**Requirement**
Transcribe the rest of the listing below, starting with the line that contains "freundlicher sitzender Buddha" and ending with the last line, exactly as written.

**Data segment**
□ □ □ □ □
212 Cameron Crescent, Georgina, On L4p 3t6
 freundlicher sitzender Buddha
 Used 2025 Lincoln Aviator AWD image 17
□ □ □ □ □
**Your response**
 freundlicher sitzender Buddha
 Used 2025 Lincoln Aviator AWD image 17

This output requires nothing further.